New AI Framework Can Translate Multimodal Inputs, Including Video, To Natural Language

An AI model that can understand real-world situations and communicate with humans in natural language is the holy grail of Artificial Intelligence. Building such agents would require the development of multimodal systems that can understand audio-visual input.

With the introduction of large-scale benchmarks for interpreting audiovisual information and translating the received input into natural language, the timelines towards a general intelligence AI are shortening.

Recently, researchers from Facebook, Columbia University, and Georgia Tech University have developed VX2TEXT to convert semantic signals from video, text, or audio to a common semantic language humans can understand.
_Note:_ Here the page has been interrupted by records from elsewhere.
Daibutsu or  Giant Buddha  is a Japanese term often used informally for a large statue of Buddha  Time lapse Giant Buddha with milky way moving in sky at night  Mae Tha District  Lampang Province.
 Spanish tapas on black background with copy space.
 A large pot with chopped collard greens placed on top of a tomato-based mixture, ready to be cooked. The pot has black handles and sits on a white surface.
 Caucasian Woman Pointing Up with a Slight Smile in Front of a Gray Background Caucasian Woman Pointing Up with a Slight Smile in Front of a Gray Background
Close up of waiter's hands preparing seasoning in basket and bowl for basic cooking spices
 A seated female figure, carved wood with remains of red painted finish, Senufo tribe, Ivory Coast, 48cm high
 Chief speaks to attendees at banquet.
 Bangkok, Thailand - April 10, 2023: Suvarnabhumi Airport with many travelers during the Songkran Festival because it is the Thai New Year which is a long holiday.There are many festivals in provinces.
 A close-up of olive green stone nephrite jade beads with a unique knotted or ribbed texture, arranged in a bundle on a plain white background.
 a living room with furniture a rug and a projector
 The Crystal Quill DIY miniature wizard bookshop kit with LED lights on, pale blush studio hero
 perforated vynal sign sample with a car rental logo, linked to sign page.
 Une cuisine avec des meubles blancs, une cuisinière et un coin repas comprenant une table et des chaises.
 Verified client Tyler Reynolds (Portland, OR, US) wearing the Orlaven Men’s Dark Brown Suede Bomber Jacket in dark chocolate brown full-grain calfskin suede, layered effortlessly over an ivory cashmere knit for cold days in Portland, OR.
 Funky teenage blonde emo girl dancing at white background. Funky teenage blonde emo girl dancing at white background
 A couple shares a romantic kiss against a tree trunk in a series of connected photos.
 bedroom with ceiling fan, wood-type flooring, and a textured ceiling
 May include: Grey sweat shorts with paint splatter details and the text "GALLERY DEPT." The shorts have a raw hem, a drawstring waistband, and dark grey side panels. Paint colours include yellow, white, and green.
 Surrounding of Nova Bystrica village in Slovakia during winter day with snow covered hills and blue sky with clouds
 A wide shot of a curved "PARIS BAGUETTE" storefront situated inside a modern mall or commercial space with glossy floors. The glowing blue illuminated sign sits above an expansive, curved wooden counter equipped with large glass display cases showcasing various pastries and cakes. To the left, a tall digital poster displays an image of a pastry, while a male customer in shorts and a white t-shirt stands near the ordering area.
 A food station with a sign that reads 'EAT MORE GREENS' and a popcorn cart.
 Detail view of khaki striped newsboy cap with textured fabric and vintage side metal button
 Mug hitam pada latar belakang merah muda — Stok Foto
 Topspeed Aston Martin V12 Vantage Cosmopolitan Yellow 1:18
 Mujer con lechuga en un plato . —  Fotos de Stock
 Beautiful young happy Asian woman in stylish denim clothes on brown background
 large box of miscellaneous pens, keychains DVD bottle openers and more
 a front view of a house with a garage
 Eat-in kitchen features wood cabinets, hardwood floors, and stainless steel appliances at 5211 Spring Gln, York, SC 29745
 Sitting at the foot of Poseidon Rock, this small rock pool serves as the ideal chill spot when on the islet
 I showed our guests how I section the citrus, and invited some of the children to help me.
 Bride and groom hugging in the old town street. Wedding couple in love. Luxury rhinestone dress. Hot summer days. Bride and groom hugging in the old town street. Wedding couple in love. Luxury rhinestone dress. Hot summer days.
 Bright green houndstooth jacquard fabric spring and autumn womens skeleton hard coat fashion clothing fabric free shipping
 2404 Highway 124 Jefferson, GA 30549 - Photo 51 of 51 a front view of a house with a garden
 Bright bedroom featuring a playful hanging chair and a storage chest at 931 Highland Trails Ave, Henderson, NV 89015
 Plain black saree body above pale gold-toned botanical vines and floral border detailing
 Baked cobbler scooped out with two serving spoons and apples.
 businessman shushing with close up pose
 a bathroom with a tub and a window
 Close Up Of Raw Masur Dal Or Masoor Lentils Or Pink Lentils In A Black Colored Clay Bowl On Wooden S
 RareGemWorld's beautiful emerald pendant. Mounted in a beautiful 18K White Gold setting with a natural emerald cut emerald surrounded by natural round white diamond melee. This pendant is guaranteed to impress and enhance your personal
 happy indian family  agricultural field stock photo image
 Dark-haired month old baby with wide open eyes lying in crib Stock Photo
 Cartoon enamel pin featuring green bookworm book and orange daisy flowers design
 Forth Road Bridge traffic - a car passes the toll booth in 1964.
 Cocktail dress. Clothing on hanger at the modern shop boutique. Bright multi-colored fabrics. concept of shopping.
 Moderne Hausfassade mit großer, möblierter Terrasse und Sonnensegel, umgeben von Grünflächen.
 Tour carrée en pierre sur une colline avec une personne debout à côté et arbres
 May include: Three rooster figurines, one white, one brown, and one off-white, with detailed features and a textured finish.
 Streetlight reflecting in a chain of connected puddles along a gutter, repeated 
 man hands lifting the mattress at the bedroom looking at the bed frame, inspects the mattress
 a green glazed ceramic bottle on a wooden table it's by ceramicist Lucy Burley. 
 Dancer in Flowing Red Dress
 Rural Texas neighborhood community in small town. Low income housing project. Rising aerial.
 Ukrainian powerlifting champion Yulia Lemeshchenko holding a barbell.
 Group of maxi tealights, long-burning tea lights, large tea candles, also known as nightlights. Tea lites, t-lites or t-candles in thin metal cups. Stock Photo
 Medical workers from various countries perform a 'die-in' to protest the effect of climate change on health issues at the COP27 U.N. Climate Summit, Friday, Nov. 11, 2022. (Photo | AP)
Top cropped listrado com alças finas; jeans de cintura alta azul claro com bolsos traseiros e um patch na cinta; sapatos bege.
VX2TEXT is a framework for generating text from multimodal inputs such as videos, speech and audio. Humans can understand context based on inputs from two different modes. For example, visual and text. However, machines cannot.

The new approach enables language models to directly interpret multimodal data and opens up the possibility of multimodal fusion; combining signals from different multimodal features (text, audio, video) to enhance classification.

Multimodal learning includes all the inputs in the learning process. 

What Is VX2TEXT?

To perform well on benchmarks, an AI model must be able to:

  • Extract features from each modality
  • Combine different inputs (audio, video, or text) to address the query at hand
  • Present the result in a text format comprehensible to humans.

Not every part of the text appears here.